When I started crossdressing, as I’ve mentioned in the past, it was always with something I pulled out of my sister’s room. As time went by and I continued to dress while home alone, I became much more comfortable wearing women’s panties and bras. This is kind of funny and a little bit embarassing, but I remember trying to think of how to create, as realistic as possible, a respectable chest and hips.

Both of my sisters have very small chests; actually, they are both probably the most petite women that I have ever met, both about five feet tall and weighing in around 100 pounds… tiny. If I remember correctly, my sister that was living at home for a short time when I was in high school was a 32B. Nothing special there. It did work out well for me though because as a 14 year old, I still hadn’t grown as much as I would by the time I was in college.

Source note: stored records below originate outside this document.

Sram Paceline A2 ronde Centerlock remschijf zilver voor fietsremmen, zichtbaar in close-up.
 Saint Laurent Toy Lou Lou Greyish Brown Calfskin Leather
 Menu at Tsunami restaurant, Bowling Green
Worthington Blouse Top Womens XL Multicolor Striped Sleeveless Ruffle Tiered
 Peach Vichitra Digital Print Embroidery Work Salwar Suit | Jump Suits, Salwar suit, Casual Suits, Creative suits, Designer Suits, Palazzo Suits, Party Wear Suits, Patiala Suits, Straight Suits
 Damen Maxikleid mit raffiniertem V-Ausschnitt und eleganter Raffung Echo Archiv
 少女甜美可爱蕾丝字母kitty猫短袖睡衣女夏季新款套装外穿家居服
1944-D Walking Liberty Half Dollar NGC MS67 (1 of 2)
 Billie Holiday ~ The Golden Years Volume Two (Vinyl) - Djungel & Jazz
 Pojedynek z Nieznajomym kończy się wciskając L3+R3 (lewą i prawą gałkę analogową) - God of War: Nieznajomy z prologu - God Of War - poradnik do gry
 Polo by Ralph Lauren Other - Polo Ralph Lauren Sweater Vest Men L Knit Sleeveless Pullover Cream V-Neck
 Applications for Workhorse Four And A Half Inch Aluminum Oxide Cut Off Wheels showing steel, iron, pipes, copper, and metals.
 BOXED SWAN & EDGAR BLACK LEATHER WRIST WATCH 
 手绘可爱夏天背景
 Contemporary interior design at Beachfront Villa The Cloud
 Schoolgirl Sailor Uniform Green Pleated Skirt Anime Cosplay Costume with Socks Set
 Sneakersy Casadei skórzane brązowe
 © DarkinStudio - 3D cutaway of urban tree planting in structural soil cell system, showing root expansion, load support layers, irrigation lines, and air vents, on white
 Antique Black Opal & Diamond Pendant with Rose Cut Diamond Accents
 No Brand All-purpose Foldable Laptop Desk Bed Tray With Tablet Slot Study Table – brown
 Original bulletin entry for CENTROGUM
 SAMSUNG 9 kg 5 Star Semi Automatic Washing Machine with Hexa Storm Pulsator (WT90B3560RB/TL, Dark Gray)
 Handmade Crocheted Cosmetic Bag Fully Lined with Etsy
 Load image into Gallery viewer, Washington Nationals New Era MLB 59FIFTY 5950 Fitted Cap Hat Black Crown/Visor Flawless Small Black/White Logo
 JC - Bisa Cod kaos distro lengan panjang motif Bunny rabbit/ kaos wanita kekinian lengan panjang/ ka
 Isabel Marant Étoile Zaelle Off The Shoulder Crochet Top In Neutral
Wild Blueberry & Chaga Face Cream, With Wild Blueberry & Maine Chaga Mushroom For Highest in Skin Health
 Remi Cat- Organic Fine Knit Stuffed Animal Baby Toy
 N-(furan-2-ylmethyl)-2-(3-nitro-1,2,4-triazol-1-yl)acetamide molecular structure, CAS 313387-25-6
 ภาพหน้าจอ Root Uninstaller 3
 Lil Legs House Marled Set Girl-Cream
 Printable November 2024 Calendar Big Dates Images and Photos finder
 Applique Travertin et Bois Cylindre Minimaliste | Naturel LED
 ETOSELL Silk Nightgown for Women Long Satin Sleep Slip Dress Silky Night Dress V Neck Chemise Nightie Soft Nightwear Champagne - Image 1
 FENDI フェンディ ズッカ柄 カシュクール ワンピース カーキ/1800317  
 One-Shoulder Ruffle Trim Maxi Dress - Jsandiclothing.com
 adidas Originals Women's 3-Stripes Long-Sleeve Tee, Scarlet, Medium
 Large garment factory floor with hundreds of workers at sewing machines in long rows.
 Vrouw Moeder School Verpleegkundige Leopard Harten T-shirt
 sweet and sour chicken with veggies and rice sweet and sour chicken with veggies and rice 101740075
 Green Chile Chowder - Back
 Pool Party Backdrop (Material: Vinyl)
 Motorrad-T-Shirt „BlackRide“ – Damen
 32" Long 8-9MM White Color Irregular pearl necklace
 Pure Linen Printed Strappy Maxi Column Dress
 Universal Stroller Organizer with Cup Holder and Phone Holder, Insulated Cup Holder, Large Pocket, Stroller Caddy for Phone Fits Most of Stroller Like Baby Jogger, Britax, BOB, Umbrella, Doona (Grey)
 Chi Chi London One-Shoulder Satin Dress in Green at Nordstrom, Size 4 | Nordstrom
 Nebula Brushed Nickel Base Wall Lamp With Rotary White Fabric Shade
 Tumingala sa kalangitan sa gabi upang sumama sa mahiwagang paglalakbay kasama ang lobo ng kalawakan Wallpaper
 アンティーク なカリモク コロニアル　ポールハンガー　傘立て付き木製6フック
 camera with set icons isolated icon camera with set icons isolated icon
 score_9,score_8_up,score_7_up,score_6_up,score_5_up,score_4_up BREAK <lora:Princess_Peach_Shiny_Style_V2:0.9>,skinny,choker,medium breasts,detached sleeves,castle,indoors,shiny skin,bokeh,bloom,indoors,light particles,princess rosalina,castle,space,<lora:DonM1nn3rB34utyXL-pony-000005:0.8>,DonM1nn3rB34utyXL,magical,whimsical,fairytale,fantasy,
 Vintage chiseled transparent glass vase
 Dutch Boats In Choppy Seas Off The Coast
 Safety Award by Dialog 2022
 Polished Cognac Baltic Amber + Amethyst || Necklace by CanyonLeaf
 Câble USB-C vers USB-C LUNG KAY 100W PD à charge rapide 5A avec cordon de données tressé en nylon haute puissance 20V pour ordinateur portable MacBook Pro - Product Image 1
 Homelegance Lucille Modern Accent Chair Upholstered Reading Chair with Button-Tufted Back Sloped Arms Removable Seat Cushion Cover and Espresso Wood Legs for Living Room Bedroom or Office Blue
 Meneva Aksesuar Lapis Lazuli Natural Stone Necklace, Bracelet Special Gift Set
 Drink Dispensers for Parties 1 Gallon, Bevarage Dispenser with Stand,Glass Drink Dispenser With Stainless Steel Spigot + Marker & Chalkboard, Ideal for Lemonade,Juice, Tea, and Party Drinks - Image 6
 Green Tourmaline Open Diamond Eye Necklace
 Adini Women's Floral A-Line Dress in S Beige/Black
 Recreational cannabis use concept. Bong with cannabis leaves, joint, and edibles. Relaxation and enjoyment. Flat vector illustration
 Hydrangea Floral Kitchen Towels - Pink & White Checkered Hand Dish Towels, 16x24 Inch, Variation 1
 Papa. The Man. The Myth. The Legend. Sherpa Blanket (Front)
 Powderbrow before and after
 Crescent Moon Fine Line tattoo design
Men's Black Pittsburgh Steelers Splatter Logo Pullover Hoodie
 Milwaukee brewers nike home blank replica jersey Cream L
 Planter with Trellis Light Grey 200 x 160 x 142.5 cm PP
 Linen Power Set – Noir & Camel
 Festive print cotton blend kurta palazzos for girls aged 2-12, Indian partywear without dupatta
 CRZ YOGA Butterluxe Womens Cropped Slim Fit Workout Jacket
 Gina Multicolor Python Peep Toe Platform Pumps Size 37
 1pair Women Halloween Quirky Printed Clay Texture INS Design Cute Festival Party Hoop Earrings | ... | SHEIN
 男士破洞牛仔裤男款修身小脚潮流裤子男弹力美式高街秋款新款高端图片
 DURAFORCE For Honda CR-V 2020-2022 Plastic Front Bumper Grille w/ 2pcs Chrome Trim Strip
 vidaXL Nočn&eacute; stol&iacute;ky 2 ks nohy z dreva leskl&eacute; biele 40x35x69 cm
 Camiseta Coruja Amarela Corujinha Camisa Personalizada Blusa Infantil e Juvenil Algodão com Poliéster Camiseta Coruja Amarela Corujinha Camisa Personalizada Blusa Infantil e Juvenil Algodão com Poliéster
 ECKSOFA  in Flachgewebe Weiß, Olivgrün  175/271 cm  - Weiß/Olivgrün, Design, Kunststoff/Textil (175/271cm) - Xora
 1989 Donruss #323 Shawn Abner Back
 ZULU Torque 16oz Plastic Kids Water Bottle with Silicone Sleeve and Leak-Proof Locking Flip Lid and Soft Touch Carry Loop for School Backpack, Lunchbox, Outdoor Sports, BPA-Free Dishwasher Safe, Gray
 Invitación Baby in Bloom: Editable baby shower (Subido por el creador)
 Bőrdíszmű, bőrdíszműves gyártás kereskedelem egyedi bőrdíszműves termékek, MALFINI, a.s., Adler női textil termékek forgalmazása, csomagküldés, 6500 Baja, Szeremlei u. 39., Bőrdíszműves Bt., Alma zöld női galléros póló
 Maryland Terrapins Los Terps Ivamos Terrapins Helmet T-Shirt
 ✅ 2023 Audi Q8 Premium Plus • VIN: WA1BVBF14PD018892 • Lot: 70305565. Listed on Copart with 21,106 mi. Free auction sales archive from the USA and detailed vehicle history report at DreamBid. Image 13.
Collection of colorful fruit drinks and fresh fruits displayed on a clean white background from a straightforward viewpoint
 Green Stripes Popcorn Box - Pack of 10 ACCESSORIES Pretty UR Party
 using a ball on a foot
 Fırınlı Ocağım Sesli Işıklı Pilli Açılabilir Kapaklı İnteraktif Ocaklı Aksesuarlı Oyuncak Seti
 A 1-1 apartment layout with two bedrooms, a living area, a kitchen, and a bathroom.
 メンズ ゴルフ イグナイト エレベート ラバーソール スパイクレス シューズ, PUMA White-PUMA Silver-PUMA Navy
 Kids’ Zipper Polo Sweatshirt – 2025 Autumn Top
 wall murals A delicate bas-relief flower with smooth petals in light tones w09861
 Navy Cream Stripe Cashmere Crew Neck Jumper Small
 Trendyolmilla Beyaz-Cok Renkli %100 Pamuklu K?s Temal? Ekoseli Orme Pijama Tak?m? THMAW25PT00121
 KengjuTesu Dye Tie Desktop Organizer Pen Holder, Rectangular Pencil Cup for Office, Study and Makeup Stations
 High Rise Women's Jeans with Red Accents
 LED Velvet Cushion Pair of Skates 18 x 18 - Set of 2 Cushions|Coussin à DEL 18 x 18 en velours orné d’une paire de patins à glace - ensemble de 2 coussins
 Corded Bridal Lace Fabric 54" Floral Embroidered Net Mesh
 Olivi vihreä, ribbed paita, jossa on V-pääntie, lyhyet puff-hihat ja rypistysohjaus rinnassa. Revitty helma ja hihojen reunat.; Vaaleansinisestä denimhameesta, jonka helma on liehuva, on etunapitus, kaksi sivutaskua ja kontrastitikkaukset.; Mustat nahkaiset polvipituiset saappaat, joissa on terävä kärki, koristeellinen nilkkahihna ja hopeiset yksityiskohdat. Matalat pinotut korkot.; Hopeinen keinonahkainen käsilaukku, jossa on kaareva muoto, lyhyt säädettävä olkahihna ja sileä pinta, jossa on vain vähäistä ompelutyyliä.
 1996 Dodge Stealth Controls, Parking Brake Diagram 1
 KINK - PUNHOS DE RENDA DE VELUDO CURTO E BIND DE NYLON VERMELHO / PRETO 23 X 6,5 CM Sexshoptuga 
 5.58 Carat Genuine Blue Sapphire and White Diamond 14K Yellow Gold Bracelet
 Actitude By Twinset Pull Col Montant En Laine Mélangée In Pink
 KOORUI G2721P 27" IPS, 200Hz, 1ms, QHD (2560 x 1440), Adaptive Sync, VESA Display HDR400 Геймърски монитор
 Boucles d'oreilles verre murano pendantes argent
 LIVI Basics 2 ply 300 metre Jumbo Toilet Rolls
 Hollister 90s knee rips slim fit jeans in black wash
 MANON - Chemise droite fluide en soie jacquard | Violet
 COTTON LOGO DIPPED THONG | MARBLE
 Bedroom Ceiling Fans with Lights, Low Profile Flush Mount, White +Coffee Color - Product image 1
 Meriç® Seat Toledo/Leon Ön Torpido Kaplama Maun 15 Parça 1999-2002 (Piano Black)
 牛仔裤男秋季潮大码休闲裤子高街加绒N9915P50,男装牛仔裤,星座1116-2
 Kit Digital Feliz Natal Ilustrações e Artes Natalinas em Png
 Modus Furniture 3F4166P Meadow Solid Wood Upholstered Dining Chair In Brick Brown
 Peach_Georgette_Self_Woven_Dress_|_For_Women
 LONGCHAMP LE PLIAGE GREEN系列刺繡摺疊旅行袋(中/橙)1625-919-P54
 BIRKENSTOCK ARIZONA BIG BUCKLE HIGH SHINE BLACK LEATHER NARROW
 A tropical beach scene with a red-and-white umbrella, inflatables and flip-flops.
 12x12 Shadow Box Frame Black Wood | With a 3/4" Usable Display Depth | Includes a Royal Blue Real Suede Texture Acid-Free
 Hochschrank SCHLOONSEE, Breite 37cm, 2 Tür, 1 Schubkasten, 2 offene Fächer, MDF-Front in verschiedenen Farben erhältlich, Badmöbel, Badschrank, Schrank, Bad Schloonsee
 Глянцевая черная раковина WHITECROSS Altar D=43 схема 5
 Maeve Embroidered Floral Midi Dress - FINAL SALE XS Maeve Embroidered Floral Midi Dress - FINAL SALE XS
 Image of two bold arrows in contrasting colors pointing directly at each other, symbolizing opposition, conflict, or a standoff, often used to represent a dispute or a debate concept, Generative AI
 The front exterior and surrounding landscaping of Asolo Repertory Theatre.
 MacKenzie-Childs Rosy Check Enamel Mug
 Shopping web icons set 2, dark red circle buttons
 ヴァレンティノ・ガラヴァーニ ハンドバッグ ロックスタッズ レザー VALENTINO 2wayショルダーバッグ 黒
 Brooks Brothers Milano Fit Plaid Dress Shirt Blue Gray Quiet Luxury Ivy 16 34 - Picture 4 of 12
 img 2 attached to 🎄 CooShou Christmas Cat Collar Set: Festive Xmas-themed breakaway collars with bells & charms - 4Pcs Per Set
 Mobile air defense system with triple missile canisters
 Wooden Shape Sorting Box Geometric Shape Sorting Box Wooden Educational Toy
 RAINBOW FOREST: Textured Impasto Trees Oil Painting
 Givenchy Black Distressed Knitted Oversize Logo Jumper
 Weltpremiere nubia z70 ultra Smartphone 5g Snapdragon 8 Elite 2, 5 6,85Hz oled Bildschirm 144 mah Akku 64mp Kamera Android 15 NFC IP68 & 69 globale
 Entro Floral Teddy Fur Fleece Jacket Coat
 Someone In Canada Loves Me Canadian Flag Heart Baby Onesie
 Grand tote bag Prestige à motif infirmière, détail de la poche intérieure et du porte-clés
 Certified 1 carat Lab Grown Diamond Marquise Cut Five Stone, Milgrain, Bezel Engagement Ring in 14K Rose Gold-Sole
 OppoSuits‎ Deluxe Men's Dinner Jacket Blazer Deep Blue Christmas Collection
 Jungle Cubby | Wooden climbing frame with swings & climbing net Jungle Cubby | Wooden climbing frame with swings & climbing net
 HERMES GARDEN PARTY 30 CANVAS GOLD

So, back to the embarassing part, I used to go to the kitchen and take some plastic sandwich bags, fill them with water and tie them off with some twine. After some trial and error, I was able to fill them both to the same size and keep them from leaking for quite a while. Into the bra they would go, and all of a sudden I had breasts that for all I knew, moved and looked like real ones!

As for a pair of hips, I had found some bike shorts in my sister’s room; you know, the short, tight, spandex shorts that girls wear jogging or riding a bike. She had a pair that fit me perfectly, and when I pulled them up to my waist, they extended down just below my butt. I tried a bunch of different “fillers,” and eventually settled on using two washcloths from the bathroom. Again, after some trial and error, I had found just the right way to fold them and push them into the shorts, and the spandex material would smooth over the wrinkles and folds and give a nice contoured look.

So there you have it… I had created my own breasts and hips! My mind would immediately turn to the dresses and skirts in my sister’s room, and since I now had some girly curves, I spent plenty of time trying to find one that fit me right.